One could quibble about details, but it’s a darned good list. The standards doc itself describes them for two pages, then goes on to spend its bulk delineating content. The Core peeps clearly thought the practices were important, but there’s not a lot of guidance that would lead to (imagine!) assessments of habits of mind.

And if we care about them, we should assess them. Right?

So a rubric is especially welcome. What’s amazing about it is that it’s not directed at the students’ behaviors, but rather at teachers and the tasks we write. It’s interesting and refreshing, and a really good piece of work. Bravo!

Should we have standards for mechanical skills?

A couple posts ago, I said that I liked my learning goals (i.e., standards) pretty much, but that they were really different from one another.

But shouldn’t standards be kind of similar in size and type of material? Maybe not.

Let’s assume that we should assess what we care about, and that standards represent pretty directly what we assess. So if I care about different kinds of things, I should try to write standards that reflect that. I think I was pretty successful at making some standards that fit content-y topics and others that demand big, broad, synthesis—at least for a noob—but I’m puzzled about skills.

I do care that students know how to use Fathom to do particular things.

This is because I believe that doing those things with reasonable fluency will help them understand the content.

Still, Fathom proficiency is not content. So should I assess only the desired result?

On the other hand, some “Fathom” standards give some kids a chance to master something.

As an example, let’s look at two “mature” learning goals. That is, they’re from late in the course when I had gotten better, or at least faster:

27 Fathom: Three-Collection Simulations (scrambling and measures)

  • 27.1 Given an appropriate situation (comparing some variable across two groups) define a sensible measure to describe the observed difference; compute that test statistic.
    • 27.1.1 For quantitative variables, use measures of center (and probably difference or ratio)
    • 27.1.2 For categorical variables, the measures probably use proportion or count
  • 27.2 Create a sampling distribution of that statistic using scrambling
  • 27.3 Use that distribution and the test statistic to find the empirical probability that the test stat could arise if there were no association between the group membership and the variable under study.

28 Basics of Inference

  • 28.1 Understand these terms as applied to any of the Fathom simulations we have been doing:
    • 28.1.1 Sampling distribution
    • 28.1.2 Test statistic
    • 28.1.3 P-value
    • 28.1.4 Null hypothesis
  • 28.2 Given an analysis with a sampling distribution and a test statistic,
    • 28.2.1 Calculate the P-value
    • 28.2.2 Understand that the P-value is the probability that—if the null hypothesis were true—you would get a value as extreme as the test statistic
    • 28.2.3 Correctly interpret a low P-value (e.g., it’s implausible that this value is due to chance)
    • 28.2.4 Correctly interpret a high P-value (e.g., we can’t rule out chance as the reason for this value)

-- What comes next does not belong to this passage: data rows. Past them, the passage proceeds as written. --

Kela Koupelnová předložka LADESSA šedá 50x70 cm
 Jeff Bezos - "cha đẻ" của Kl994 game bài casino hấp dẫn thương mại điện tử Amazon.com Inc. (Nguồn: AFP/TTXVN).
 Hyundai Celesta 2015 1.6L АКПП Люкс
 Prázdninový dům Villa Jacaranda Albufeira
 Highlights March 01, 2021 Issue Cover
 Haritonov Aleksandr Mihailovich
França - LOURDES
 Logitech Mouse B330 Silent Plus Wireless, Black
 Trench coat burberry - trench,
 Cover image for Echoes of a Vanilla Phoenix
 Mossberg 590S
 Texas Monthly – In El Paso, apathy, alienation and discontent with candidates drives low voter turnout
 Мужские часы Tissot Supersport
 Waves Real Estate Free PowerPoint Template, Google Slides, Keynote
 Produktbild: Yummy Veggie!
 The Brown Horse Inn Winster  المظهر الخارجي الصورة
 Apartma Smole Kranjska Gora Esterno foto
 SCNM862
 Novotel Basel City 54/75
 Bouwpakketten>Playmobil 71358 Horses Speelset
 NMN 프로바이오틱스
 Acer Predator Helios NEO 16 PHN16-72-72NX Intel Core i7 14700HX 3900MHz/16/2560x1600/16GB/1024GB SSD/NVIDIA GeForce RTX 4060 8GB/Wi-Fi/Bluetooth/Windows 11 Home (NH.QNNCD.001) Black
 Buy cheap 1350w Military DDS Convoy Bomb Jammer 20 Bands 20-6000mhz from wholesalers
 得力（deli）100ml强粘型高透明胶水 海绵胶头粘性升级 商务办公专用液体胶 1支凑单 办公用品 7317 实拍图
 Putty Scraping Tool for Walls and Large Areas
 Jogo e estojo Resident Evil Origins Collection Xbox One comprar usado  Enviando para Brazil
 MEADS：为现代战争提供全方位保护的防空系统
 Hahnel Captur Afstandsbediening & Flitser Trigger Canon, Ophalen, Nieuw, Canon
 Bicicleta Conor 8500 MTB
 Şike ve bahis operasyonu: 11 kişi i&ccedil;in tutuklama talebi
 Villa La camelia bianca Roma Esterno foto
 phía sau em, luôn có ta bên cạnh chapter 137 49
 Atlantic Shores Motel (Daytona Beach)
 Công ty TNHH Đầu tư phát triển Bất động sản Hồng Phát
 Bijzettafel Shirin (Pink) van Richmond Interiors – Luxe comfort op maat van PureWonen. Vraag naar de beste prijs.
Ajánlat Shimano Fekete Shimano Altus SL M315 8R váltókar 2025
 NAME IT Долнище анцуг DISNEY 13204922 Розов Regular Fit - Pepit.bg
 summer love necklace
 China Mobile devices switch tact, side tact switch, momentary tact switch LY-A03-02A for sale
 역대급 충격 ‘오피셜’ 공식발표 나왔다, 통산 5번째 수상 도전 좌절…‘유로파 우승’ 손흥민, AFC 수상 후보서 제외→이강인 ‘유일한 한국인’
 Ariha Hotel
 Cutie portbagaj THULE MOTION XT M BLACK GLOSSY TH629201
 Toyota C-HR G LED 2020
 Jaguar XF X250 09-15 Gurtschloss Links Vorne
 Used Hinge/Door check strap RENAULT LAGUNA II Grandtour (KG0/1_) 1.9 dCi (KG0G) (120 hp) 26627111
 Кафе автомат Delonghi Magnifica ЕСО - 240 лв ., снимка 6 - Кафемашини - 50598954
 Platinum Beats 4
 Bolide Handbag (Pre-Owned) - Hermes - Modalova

So LG27 is just skills. Complicated skills, but skills nevertheless. LG28 is the meat of inference. My gut tells me to keep them both, and keep them separate. But I’d be interested in what others think (including a Tim with more experience…)

In the cold light of morning: Interestingly, LG27 (above) is not just mechanical skills; part of the point is making the connection between a real-life situation and an appropriate statistical technique, especially including developing the measure—the number that tells how big the effect is that you have noticed. And LG28 is not just the meat of inference: 28.1 specifically is talking about applying terms in the context of a Fathom simulation. Does that make it mechanical or too software-specific? I don’t think so. Looking back, I think I wrote it that way because I believe that if students can do this, they actually understand how inference works. Fathom itself uses none of these terms, so identifying them in the Fathom context means you have to understand them pretty thoroughly.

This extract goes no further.